My question is: What, exactly, is "job training"?
And why, if, as the article says, Washington has 25,000 unemployed people, why does it cost nearly $10,000 apiece to "train" them for jobs? Yes, you read that right: The federal "job training" pot earmarked for the District of Columbia is a whopping $24 million, according to WashPost reporter Robert McCartney.
But you won't find the answer to either question in McCartney's story. Instead, you'll find two poster children supposedly deprived of "job training" because of apparent bureaucratic ineptitude on the part of the D.C. "Workforce Investment Council" that has caused it to be unable to spend this huge wad of taxpayer money.
Here's one of the poster children:
One person affected was Karen Privado, 20, of Columbia Heights in Northwest Washington. She was close to getting her high-school equivalency degree, known as the GED, until her course at the Latin American Youth Center lost its funding in September. Now she hopes the course will resume next year, as District officials promise.
“It’s sad to me, because my goal this year was to get my GED,” Privado said.

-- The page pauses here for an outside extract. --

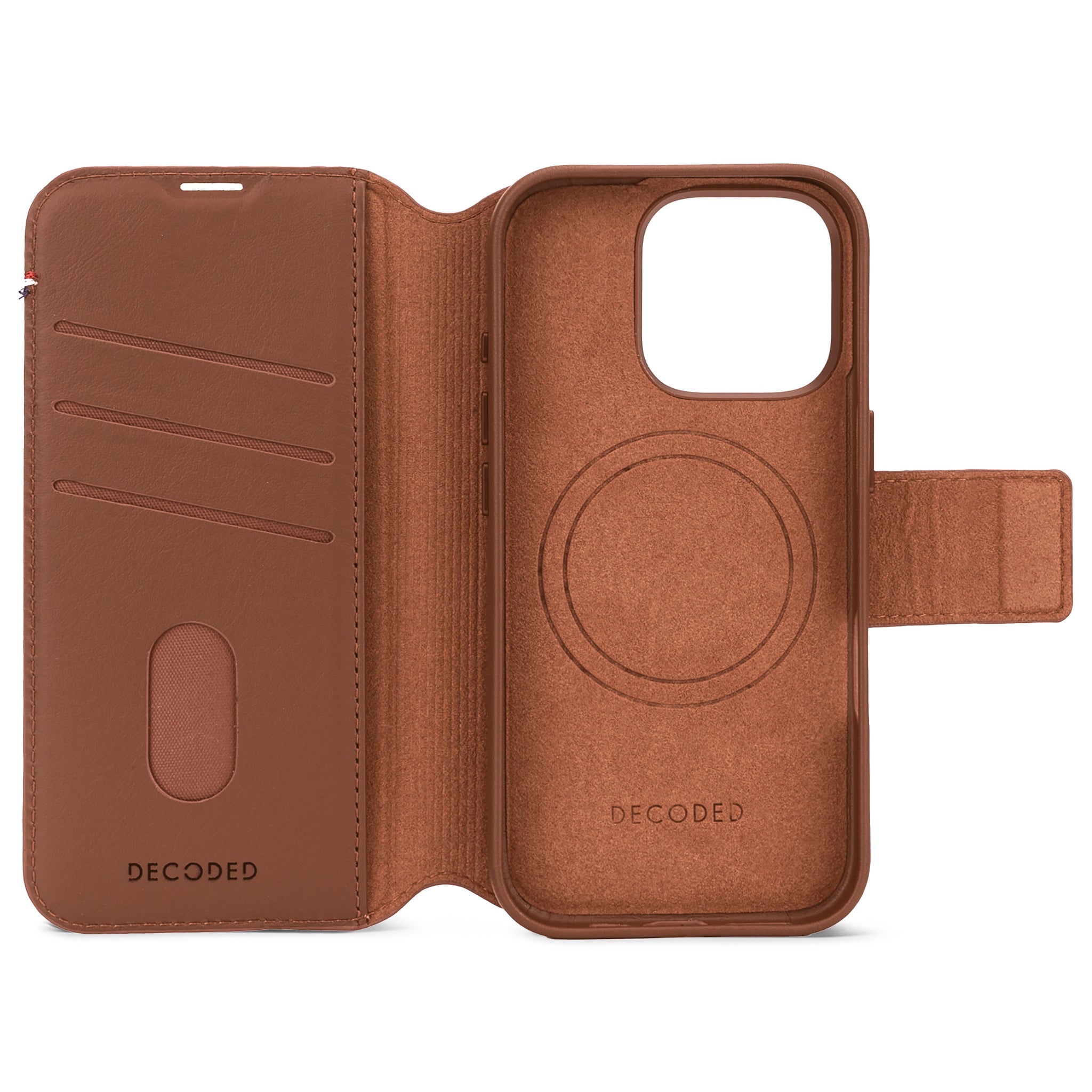 Leather Detachable Wallet Case iPhone 16 Pro - Tan Brown - DECODED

Privado, photographed with her son who appears to be age 2, is currently living with her parents. What she has has been doing with herself for the past three months and plans to do with herself for the next nine months is unknown.
Here's the other:
At the Latin American Youth Center, the shutdown disappointed Stephon Williams, 23, who lives in Congress Park in Southeast. He had been attending classes regularly since January, in hope that a GED would help him move ahead in the retail industry. He previously worked as a bagger and stock clerk at Giant, but aspires to a better position.
“You still need that certificate, because that’s how the world works,” Williams said. “I was actually learning something. . . . I understood fractions better. That made me want to be here.”
Williams dropped out of Benjamin Cardozo High School in the 10th grade after he turned 18.
In other words, Williams has been doing zilch for nearly a full year–at least. Maybe he should have kept that gig at the Giant supermarket chain (which–hey, Stephon!–is actually looking for employees right now and pays good benefits, according to its website). Doesn't holding a job count as "job training"?
As for that high-school diploma, why don't Privado and Williams just re-enroll in high school? It's free! And if it's too mortifying to be sitting in room full of 17-year-olds, the University of the District of Columbia's community-college division offers an online GED prep course for just $115. Plus other basic math and literacy courses similarly priced. Why doesn't the DC government just hand the two a few hundred dollars for some UDC remedial courses instead of funneling thousands of dollars through a "youth center" and its staff of still more time-serving appartatchiks?
Furthermore, it seems that the District's unemployed seem to be fully aware that "job training" that doesn't train people in specific job skills (welding, word processing, whatever) is a complete waste of time:
“Low enrollments [italics mine], under-expenditures and poor performance have been endemic in the [federally] funded youth program,” Labor’s Employment and Training Administration said in a Sept. 18 letter to the city’s Department of Employment Services, or DOES…
As of Dec. 1, the number of youths in job training was 494, compared to 758 in the fiscal year that ended Sept. 30, DOES said.
Those "youths" are voting with their feet to stay away from anything under the aegis of the "Workplace Investment Council." You've got to give them credit for not being stupid.
Look, kids, here's how to get and keep a job. Show up for the interview on time and in respectable-looking clothes. Once hired, show up on time, don't goof off, and don't give your boss lip. That's it: Job Training 101.
Also, it's really not a good idea to get pregnant out of wedlock when you're still in high school. Really.